Ok Matthew, I do feel free...But I must say you do have an uncanny resemblance of Rip Taylor. Its spooky. Therefore you cannot be right.  jk

1) psalm 51 only speaks of David's lament over his bent towards sin. Inherited from Adam. If you are deducing the propogation of sin as traducian, I can see why you take this course. But the woman plays no role in the propogation of this sin. Gen 5:3 is very clear on this: 3And Adam lived an hundred and thirty years, and begat a son *in his own likeness, and after his image*; and called his name Seth: Seth's nature, corruption did not come from Eve. This is also why Christ did not inherit a corrupted nature. No earthly Father. Ihereited sin is therefore directly from Adam where eve did not have any active role in this transferance. 

Psa 51:5 Behold, I was shapen in iniquity; and in sin did my mother conceive me

Shapen and conceive are 2 words that basically mean the same thing. To be brought forth. 

The BC states:

"We believe that through the disobedience of Adam original sin is extended to all mankind; which is a corruption of the whole nature and a hereditary disease, wherewith even infants in their mother's womb are infected, and which produces in man all sorts of sin, being in him as a root thereof, and therefore is so vile and abominable in the sight of God that it is sufficient to condemn all mankind."


Common Book of Prayer, Articles of Religion IX & X: "Original sin standeth not in the following of Adam, but it is the fault and corruption of the nature of every man, that naturally is ingendered of the *offspring of Adam*;

It also makes sense that we do not inherit sins from out natural parents, or else we would be held accountable for allof their sins. Yet I do agree there is a distinction between Imputed sin(guilt) vs corruption/inherited sin(natural ruin). But both flow from Adam, not eve

Creationism settles this anyway. And that school is the one I subscribe to..


----------



## MW

Amazing Grace said:


> armourbearer said:
> 
> 
> 
> The problem is with the way the sections are being connected together. First, section 1 tells us what providence is -- preservation and *gubernation*.
> 
> 
> 
> 
> Aha, now I see your secret. Make up words to define your schematic...
> 
> I know it has a definition, i just know it is fake though...
Click to expand...


Obadiah Sedgwick (Westminster divine) wrote a treatise on providence practically handled. He uses the twofold distinction of conservation and gubernation. Gubernation means "governance." It was once a widely used word, because it has a long pedigree through Latin back to Greek, where it describes the person who steers the ship. See Acts 27:11.


----------



## MW

Amazing Grace said:


> It also makes sense that we do not inherit sins from out natural parents, or else we would be held accountable for allof their sins.



Now you are confusing original sin and actual transgressions. May I suggest you do some more study on the subject before speaking dogmatically about it.


----------



## Reformed Covenanter

armourbearer said:


> Amazing Grace said:
> 
> 
> 
> It also makes sense that we do not inherit sins from out natural parents, or else we would be held accountable for allof their sins.
> 
> 
> 
> 
> Now you are confusing original sin and actual transgressions. May I suggest you do some more study on the subject before speaking dogmatically about it.
Click to expand...


 Hmm...intriguing...it does seem from Scripture that certain people are more prone to some sins that others (Paul's argument that the Cretans were liars, evil beasts and lazy gluttons for example). Does this indicate that certain sinful tendencies are inherited, while original sin is imputed??


----------



## MW

Daniel Ritchie said:


> Hmm...intriguing...it does seem from Scripture that certain people are more prone to some sins that others (Paul's argument that the Cretans were liars, evil beasts and lazy gluttons for example). Does this indicate that certain sinful tendencies are inherited, while original sin is imputed??

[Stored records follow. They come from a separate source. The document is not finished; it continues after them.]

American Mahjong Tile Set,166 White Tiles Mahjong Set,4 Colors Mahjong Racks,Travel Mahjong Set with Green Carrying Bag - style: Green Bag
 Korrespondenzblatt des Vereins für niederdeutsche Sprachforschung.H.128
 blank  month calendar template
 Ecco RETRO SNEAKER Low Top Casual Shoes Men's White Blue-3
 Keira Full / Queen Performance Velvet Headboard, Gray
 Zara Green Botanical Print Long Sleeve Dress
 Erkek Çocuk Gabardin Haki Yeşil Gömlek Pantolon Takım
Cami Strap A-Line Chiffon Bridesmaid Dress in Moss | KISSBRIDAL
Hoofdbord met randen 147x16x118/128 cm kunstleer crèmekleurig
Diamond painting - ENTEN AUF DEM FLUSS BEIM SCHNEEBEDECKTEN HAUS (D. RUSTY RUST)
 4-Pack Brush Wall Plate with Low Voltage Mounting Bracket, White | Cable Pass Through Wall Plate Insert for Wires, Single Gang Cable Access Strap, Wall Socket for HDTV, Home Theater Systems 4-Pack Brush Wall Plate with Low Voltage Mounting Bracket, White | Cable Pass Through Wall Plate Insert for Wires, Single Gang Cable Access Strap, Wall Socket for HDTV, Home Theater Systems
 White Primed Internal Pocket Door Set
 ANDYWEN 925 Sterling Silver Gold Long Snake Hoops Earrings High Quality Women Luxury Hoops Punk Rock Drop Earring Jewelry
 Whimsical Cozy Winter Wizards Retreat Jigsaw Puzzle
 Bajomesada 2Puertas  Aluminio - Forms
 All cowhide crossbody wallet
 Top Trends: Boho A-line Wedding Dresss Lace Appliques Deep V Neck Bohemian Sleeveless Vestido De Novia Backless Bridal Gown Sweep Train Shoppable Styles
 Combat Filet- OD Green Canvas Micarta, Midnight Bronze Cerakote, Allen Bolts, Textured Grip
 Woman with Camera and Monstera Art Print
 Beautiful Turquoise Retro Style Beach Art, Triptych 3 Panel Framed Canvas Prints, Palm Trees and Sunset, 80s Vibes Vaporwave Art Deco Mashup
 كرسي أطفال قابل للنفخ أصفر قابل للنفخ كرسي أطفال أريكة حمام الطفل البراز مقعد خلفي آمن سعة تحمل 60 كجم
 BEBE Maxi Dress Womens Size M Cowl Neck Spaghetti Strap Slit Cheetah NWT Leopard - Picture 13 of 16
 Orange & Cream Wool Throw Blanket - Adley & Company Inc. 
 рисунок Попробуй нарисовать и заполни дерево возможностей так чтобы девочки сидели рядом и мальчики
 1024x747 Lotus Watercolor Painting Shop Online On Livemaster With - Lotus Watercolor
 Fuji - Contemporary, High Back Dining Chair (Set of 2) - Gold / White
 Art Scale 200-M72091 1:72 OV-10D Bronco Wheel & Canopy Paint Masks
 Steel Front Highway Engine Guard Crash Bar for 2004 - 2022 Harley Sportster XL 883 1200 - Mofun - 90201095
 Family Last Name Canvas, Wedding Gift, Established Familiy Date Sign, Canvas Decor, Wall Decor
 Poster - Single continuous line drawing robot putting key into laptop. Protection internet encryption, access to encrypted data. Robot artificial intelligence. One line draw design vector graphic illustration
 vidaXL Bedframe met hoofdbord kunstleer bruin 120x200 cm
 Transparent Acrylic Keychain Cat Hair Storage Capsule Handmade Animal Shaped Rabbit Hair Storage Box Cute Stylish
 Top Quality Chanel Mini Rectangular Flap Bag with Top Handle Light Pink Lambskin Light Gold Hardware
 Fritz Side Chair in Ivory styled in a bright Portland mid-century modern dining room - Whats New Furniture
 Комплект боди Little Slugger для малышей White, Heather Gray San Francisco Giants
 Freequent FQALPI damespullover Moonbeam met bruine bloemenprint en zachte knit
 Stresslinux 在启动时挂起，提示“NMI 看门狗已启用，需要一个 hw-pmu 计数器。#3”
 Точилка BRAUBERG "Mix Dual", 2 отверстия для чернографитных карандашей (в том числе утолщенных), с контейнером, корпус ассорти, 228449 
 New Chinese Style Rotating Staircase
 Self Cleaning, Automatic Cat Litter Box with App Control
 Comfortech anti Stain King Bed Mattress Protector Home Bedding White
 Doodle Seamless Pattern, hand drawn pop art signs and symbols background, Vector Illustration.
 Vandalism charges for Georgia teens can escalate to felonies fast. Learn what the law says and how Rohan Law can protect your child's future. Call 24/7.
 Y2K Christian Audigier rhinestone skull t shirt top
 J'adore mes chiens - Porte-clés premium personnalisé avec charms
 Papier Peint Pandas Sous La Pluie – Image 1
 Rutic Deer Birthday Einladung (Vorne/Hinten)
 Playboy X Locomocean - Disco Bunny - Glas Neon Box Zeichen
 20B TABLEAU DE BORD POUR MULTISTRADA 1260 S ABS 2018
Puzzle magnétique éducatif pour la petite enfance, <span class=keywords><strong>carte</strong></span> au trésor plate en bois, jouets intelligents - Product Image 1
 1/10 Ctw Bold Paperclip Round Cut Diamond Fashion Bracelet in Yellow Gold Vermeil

Using the language technically, only Adam's first sin is imputed; by means of it we fall from original righteousness; but "original sin" is the corruption of our whole nature. This is inherited from our parents. We need to remember that the term was used acceptably without any reference to "imputation." As for particular vices, the apostle Peter says the vain conversation is received by tradition. There is a place for imitation so far as actual transgression is concerned.


----------



## KMK

Is there a limit to how many times one can 'thank' Rev Winzer in one thread?


----------



## Reformed Covenanter

KMK said:


> Is there a limit to how many times one can 'thank' Rev Winzer in one thread?



He is the Puritan Board equivalent of Shane Warne (an Aussie cricketer who took a lot of wickets) - so probably not.


----------



## VirginiaHuguenot

armourbearer said:


> Amazing Grace said:
> 
> 
> 
> 
> 
> armourbearer said:
> 
> 
> 
> The problem is with the way the sections are being connected together. First, section 1 tells us what providence is -- preservation and *gubernation*.
> 
> 
> 
> 
> Aha, now I see your secret. Make up words to define your schematic...
> 
> I know it has a definition, i just know it is fake though...
> 
> Click to expand...
> 
> 
> Obadiah Sedgwick (Westminster divine) wrote a treatise on providence practically handled. He uses the twofold distinction of conservation and gubernation. Gubernation means "governance." It was once a widely used word, because it has a long pedigree through Latin back to Greek, where it describes the person who steers the ship. See Acts 27:11.
Click to expand...


Permit me to recommend Obadiah Sedgwick's treatise (highlighted previously in this thread) along with the introductory essay by Joel Beeke and Matthew Winzer very, very highly!


----------



## Amazing Grace

armourbearer said:


> Amazing Grace said:
> 
> 
> 
> It also makes sense that we do not inherit sins from out natural parents, or else we would be held accountable for allof their sins.
> 
> 
> 
> 
> Now you are confusing original sin and actual transgressions. May I suggest you do some more study on the subject before speaking dogmatically about it.
Click to expand...


Excellent rebuttal Matthew. Please spare me the patronizing words. You are a traducian, I am a creationist. there is the difference. The HC and WCF could be much more clear on this point. Regardless of how much I study, Eve is not reponsible for my inherit sin/sin nature. I have shown clearly scripture. So instead of this response, replay to my points as i did yours please.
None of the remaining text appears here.